先ほど委員が御指摘になったように、やはり不登校というような形で孤立をしているような児童生徒がふえているということから、なかなかその心の闇にアクセスできないというような状況もありまして、それも不明というものが出てきている原因なのかなというようにも思いますので、関係省庁との連携ということについても、そういったそれぞれの持つ機関の性格も考えると大変難しい部分はありますけれども、今後、関係省庁と協議をして必要な検討をしていきたいというように思っております。
今私が申し上げた、孤立をして、なかなか心のSOSにアクセスできないという部分につきましては、児童生徒の悩みについて、適切にSOSの声を児童生徒の方からも発することができる取組、そして、それを受けとめることができる相談体制の整備、先ほどSNSについて御紹介をいただきましたけれども、そういったことの取組が重要であるというように考えております。
昨年一月、厚労省とのまさに連名で各教育委員会に対して通知を発出して、学校におけるSOSの出し方に関する教育を積極的に推進するよう促すとともに、つい最近ですけれども、昨年の八月には、SOSの出し方に関する教育の教材例を示して、取組の一層の推進を求めたところであります。
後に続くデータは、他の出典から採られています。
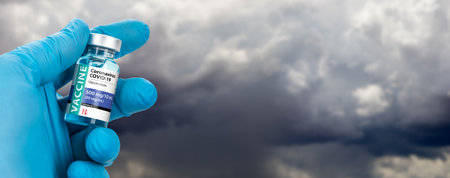 Doctor or Nurse Holding Coronavirus COVID-19 Vaccine Vial Against Stormy Clouds Background Banner.の写真素材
平成三十一年度予算においては、いじめや自殺等のさまざまな悩みを抱える児童生徒からの相談を受け付けるSNS等を活用した相談事業を実施するために必要な経費も計上させていただきました、約二億一千万円ですけれども。
加えて、このほか、教職員等を対象とした自殺予防の研修会の実施ですとか、二十四時間子供SOSダイヤルの周知ですとか、十八歳以下の自殺が急増すると言われる長期休業明け前後の時期における学校の早期発見に向けた取組などの促進など、さまざまな取組を行っているところですけれども、引き続き、自殺予防の取組に全力を尽くしていきたいと考えております。